### Exercise inputs

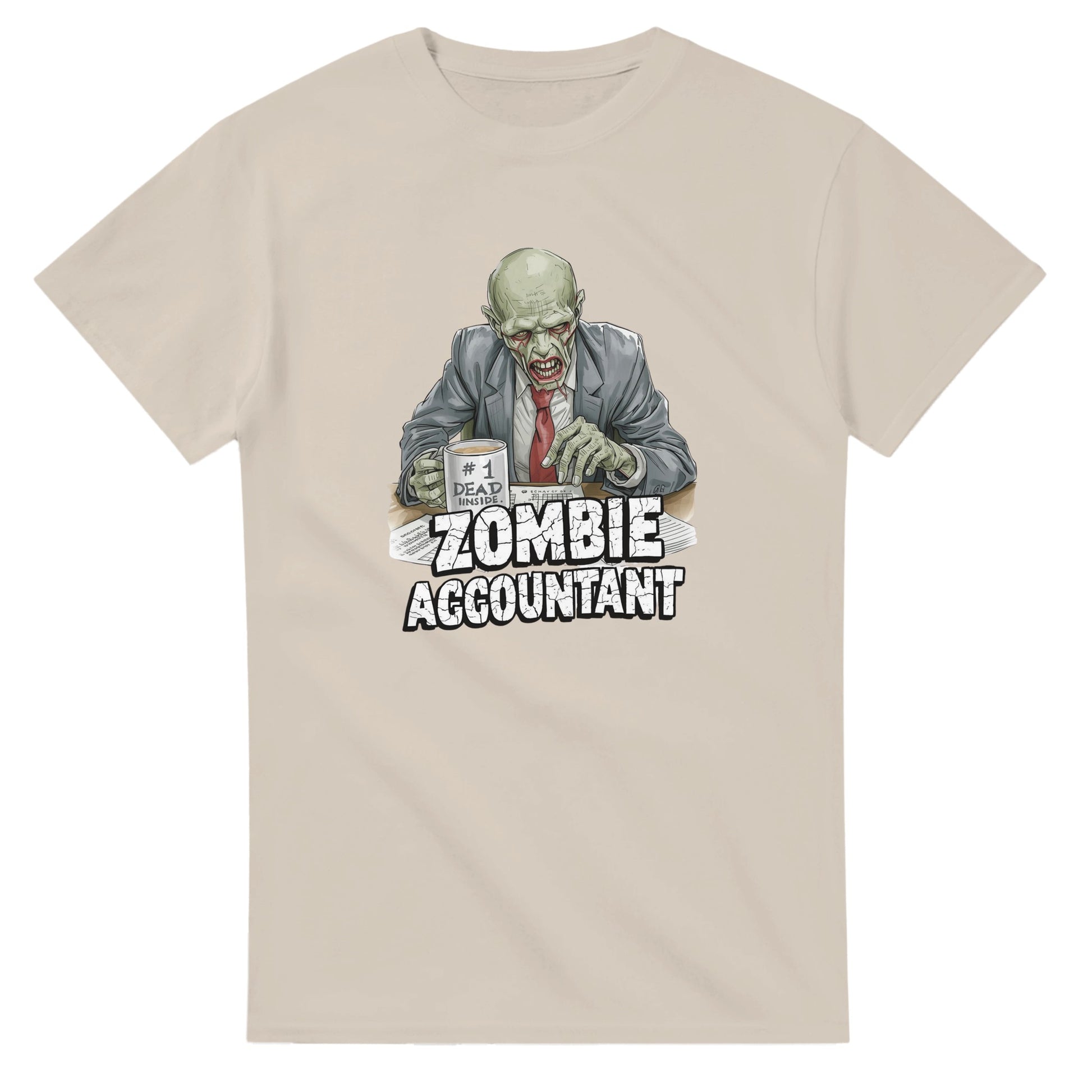 Zombie Accountant graphic design on a Heavyweight T-shirt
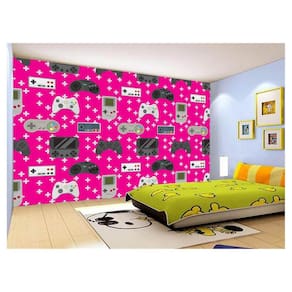 Papel De Parede 3D Infantil Controle Game Jogo 3,5M Azs268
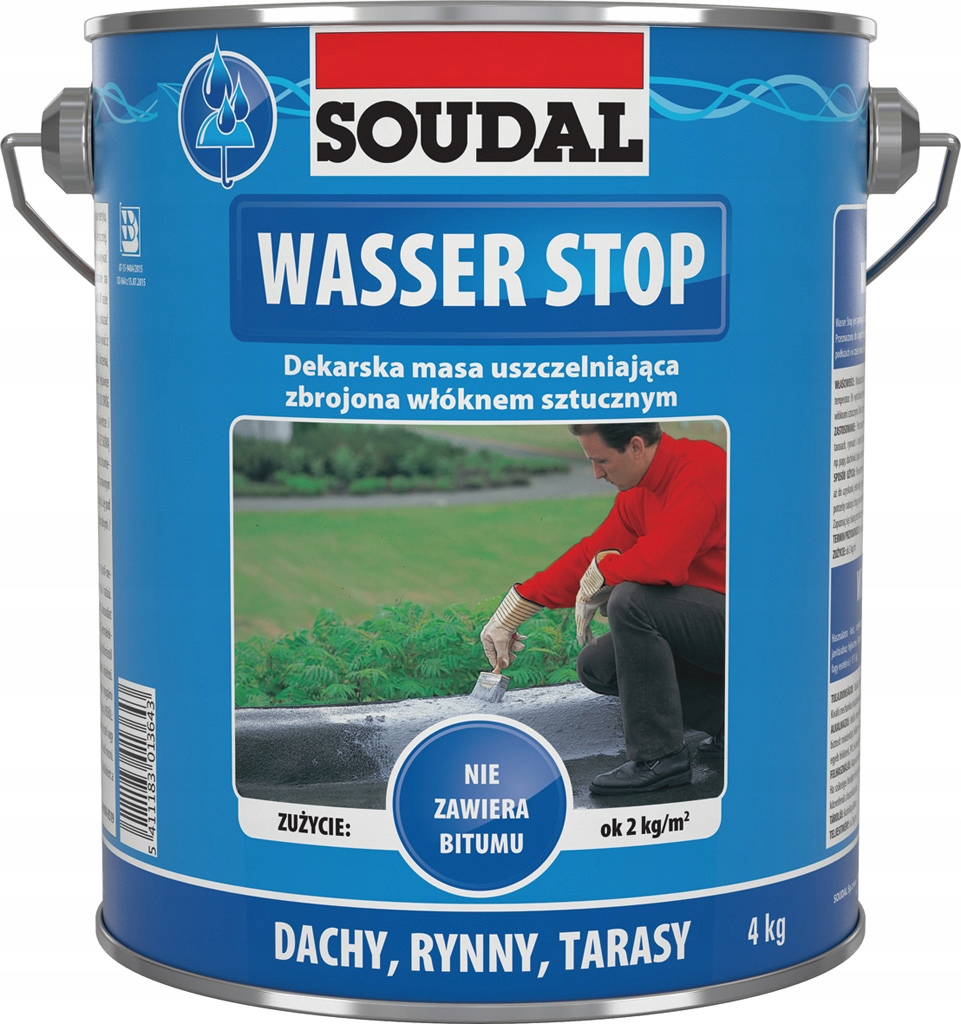 Soudal Vodotesná vrstva Wasser Stop 4 kg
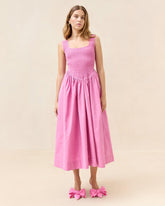 Loeffler Randall Estelle Pink Smocked Dress | Women Dresses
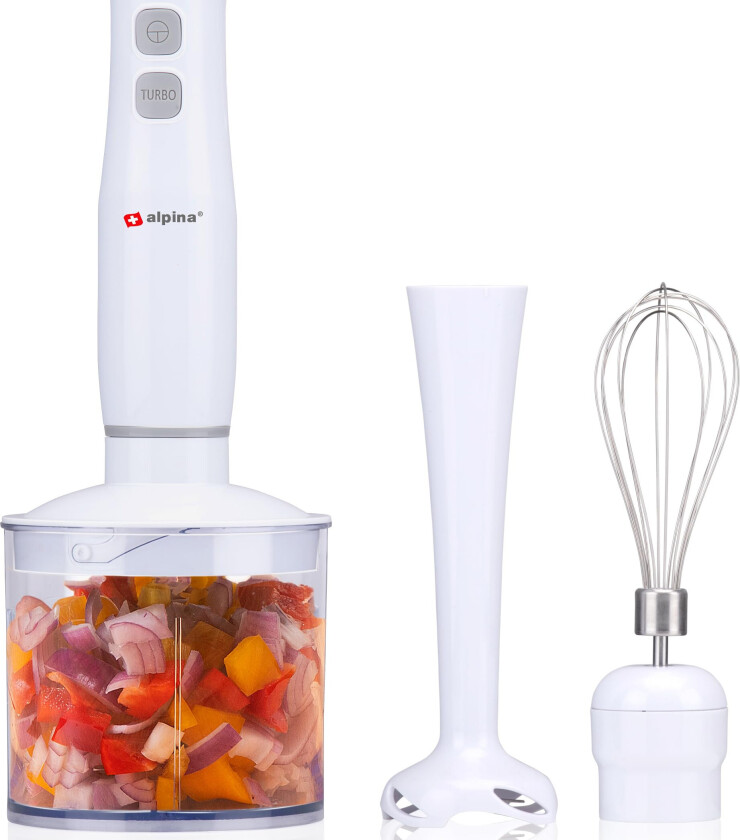 Stavblender med tilbehør 400W (0,5 liter)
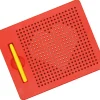 Braintoys Imapad Mini Rojo ·*Niños Construcciones Magnéticas|Juegos De Viaje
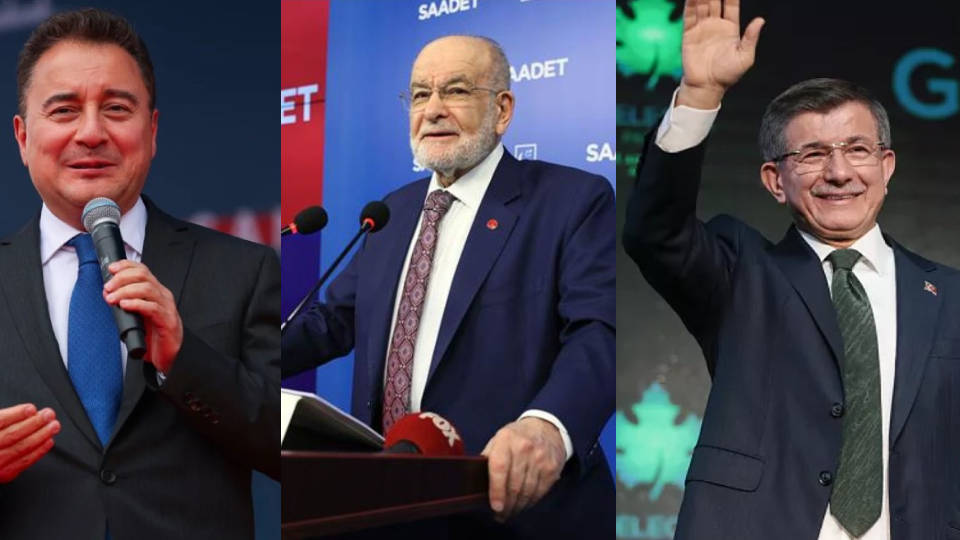 DEVA Partisi, Saadet Partisi ve Gelecek Partisi Meclis'te ortak grup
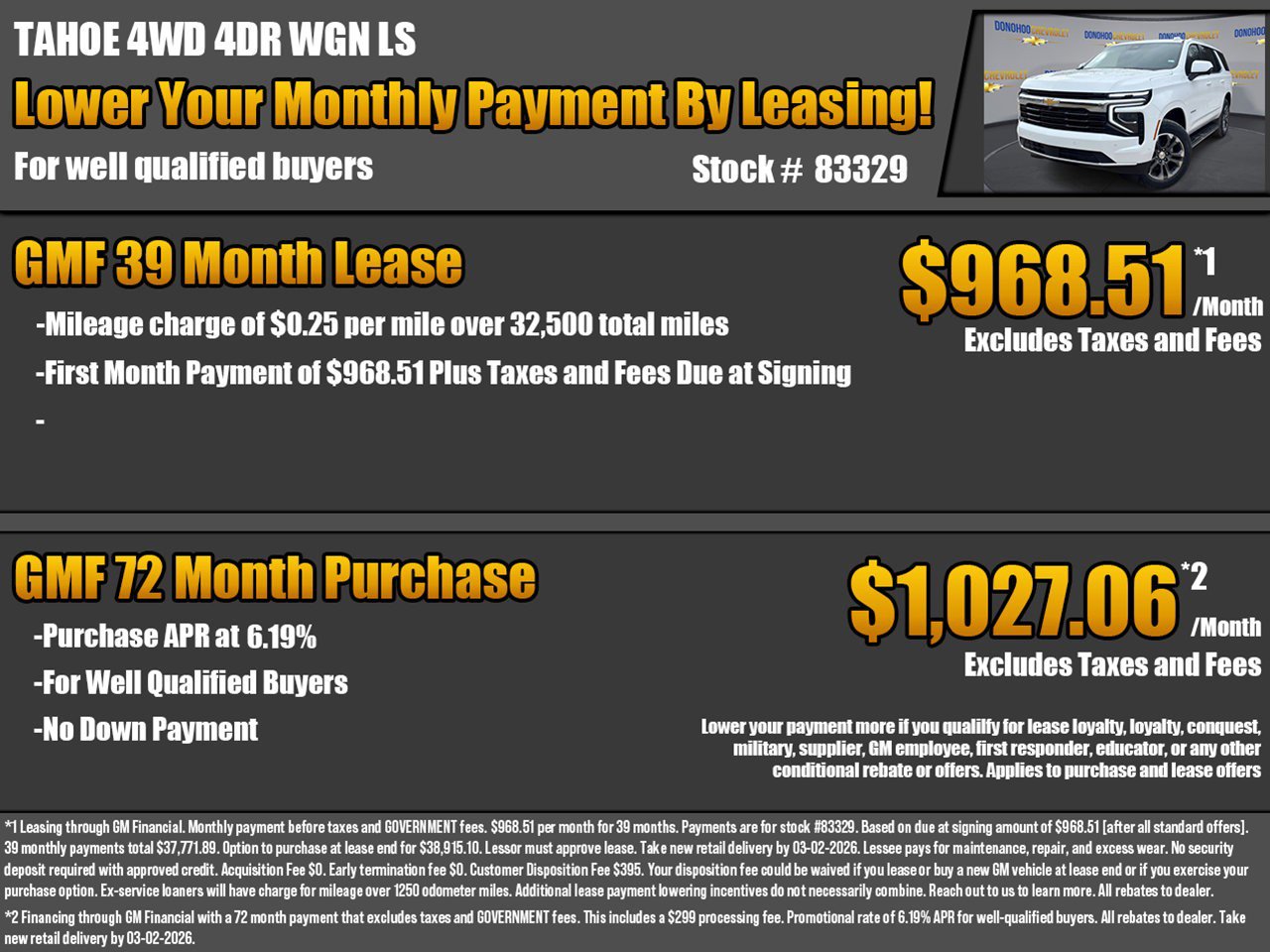 New 2026 Chevrolet Tahoe LS image 2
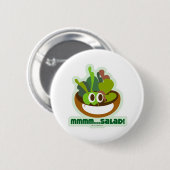 Mmmm Salat Button (Vorne & Hinten)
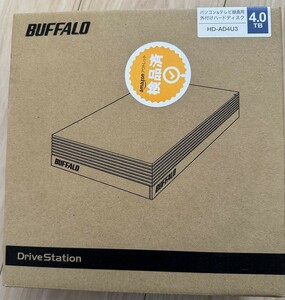 BUFFALO 外付けUSB HDDドライブ HD-AD4U3 ４TB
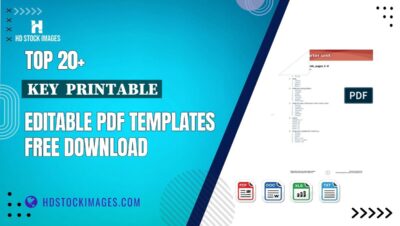 Top 20+ Key  Printable Editable PDF Templates Free Download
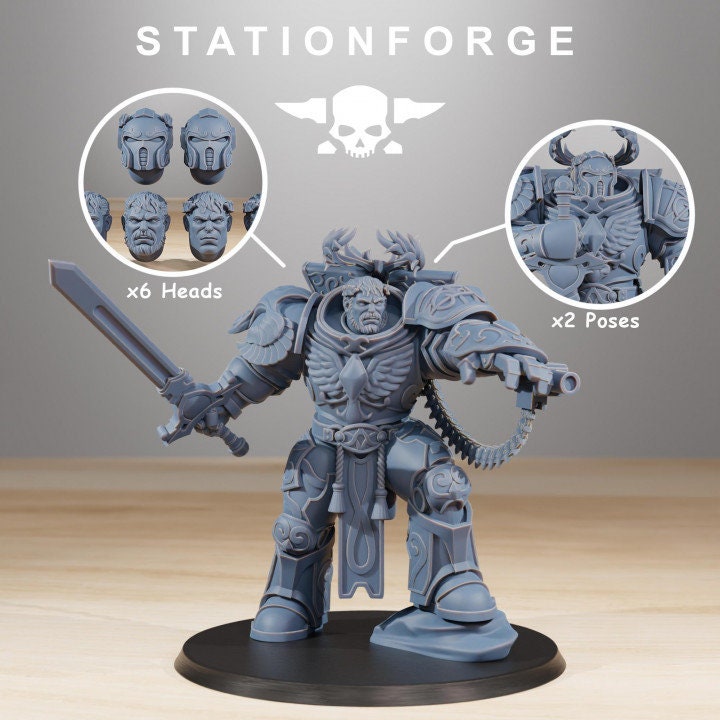Socratis Archon 32mm sci-fi fantasy miniature for tabletop games grimdark RPGs dnd wargaming miniature dungeons and dragons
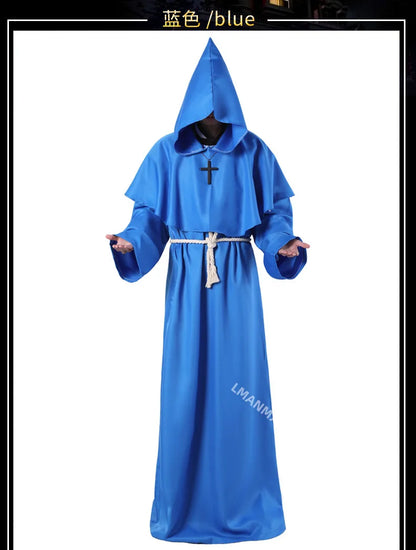 Medieval Monk Robes, Wizard Costumes, Priest Costumes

######

• Brief: Please restate the material word for word; the pictures stay out.

• Solution to the problem:
 Zombie Accountant graphic design on a Heavyweight T-shirt
 Papel De Parede 3D Infantil Controle Game Jogo 3,5M Azs268
 Soudal Vodotesná vrstva Wasser Stop 4 kg
 Loeffler Randall Estelle Pink Smocked Dress | Women Dresses
 Stavblender med tilbehør 400W (0,5 liter)
 Braintoys Imapad Mini Rojo ·*Niños Construcciones Magnéticas|Juegos De Viaje
 DEVA Partisi, Saadet Partisi ve Gelecek Partisi Meclis'te ortak grup
 New 2026 Chevrolet Tahoe LS image 2
 Mmmm Salat Button (Vorne & Hinten)
 BUFFALO 外付けUSB HDDドライブ HD-AD4U3 ４TB
 Top 20+ Key  Printable Editable PDF Templates Free Download
Socratis Archon 32mm sci-fi fantasy miniature for tabletop games grimdark RPGs dnd wargaming miniature dungeons and dragons
 Medieval Monk Robes, Wizard Costumes, Priest Costumes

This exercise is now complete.